Data excerpts
━━━━━━━━━━

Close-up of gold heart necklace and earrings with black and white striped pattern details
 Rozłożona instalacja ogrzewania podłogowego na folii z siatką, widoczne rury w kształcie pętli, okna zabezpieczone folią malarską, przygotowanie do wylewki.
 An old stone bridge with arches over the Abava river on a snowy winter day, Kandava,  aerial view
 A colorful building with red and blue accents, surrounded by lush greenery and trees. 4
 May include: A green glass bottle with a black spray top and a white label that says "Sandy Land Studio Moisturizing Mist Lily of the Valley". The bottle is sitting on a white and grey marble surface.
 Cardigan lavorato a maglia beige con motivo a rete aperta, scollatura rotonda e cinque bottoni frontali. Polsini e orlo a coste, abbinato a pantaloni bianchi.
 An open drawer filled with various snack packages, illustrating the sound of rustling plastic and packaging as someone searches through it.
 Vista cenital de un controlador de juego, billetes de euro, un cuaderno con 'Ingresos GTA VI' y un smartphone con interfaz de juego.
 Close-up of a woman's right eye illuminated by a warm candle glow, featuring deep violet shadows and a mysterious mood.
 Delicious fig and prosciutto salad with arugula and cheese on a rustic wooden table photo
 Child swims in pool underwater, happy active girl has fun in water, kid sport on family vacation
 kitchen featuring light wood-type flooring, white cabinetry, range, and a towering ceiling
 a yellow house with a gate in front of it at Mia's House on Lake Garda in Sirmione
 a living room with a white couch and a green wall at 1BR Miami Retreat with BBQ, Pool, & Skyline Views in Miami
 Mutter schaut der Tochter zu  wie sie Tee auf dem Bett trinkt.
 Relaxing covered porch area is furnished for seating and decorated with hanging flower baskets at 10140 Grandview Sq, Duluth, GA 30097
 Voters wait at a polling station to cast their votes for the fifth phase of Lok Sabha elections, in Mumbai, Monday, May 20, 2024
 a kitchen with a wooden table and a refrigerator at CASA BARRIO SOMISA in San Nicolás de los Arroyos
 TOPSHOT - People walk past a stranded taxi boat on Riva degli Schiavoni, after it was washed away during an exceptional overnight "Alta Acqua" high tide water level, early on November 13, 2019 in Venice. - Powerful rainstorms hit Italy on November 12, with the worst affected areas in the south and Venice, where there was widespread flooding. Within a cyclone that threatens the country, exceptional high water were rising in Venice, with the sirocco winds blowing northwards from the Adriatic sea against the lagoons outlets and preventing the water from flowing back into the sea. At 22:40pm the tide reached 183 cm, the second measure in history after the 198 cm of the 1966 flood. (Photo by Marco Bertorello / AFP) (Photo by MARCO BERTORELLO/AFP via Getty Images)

━━━━━━━━━━

**TRY IT**
Write an exact transcription of every entry above.

**RESULT FOR THIS EXERCISE**
Close-up of gold heart necklace and earrings with black and white striped pattern details
 Rozłożona instalacja ogrzewania podłogowego na folii z siatką, widoczne rury w kształcie pętli, okna zabezpieczone folią malarską, przygotowanie do wylewki.
 An old stone bridge with arches over the Abava river on a snowy winter day, Kandava,  aerial view
 A colorful building with red and blue accents, surrounded by lush greenery and trees. 4
 May include: A green glass bottle with a black spray top and a white label that says "Sandy Land Studio Moisturizing Mist Lily of the Valley". The bottle is sitting on a white and grey marble surface.
 Cardigan lavorato a maglia beige con motivo a rete aperta, scollatura rotonda e cinque bottoni frontali. Polsini e orlo a coste, abbinato a pantaloni bianchi.
 An open drawer filled with various snack packages, illustrating the sound of rustling plastic and packaging as someone searches through it.
 Vista cenital de un controlador de juego, billetes de euro, un cuaderno con 'Ingresos GTA VI' y un smartphone con interfaz de juego.
 Close-up of a woman's right eye illuminated by a warm candle glow, featuring deep violet shadows and a mysterious mood.
 Delicious fig and prosciutto salad with arugula and cheese on a rustic wooden table photo
 Child swims in pool underwater, happy active girl has fun in water, kid sport on family vacation
 kitchen featuring light wood-type flooring, white cabinetry, range, and a towering ceiling
 a yellow house with a gate in front of it at Mia's House on Lake Garda in Sirmione
 a living room with a white couch and a green wall at 1BR Miami Retreat with BBQ, Pool, & Skyline Views in Miami
 Mutter schaut der Tochter zu  wie sie Tee auf dem Bett trinkt.
 Relaxing covered porch area is furnished for seating and decorated with hanging flower baskets at 10140 Grandview Sq, Duluth, GA 30097
 Voters wait at a polling station to cast their votes for the fifth phase of Lok Sabha elections, in Mumbai, Monday, May 20, 2024
 a kitchen with a wooden table and a refrigerator at CASA BARRIO SOMISA in San Nicolás de los Arroyos
 TOPSHOT - People walk past a stranded taxi boat on Riva degli Schiavoni, after it was washed away during an exceptional overnight "Alta Acqua" high tide water level, early on November 13, 2019 in Venice. - Powerful rainstorms hit Italy on November 12, with the worst affected areas in the south and Venice, where there was widespread flooding. Within a cyclone that threatens the country, exceptional high water were rising in Venice, with the sirocco winds blowing northwards from the Adriatic sea against the lagoons outlets and preventing the water from flowing back into the sea. At 22:40pm the tide reached 183 cm, the second measure in history after the 198 cm of the 1966 flood. (Photo by Marco Bertorello / AFP) (Photo by MARCO BERTORELLO/AFP via Getty Images)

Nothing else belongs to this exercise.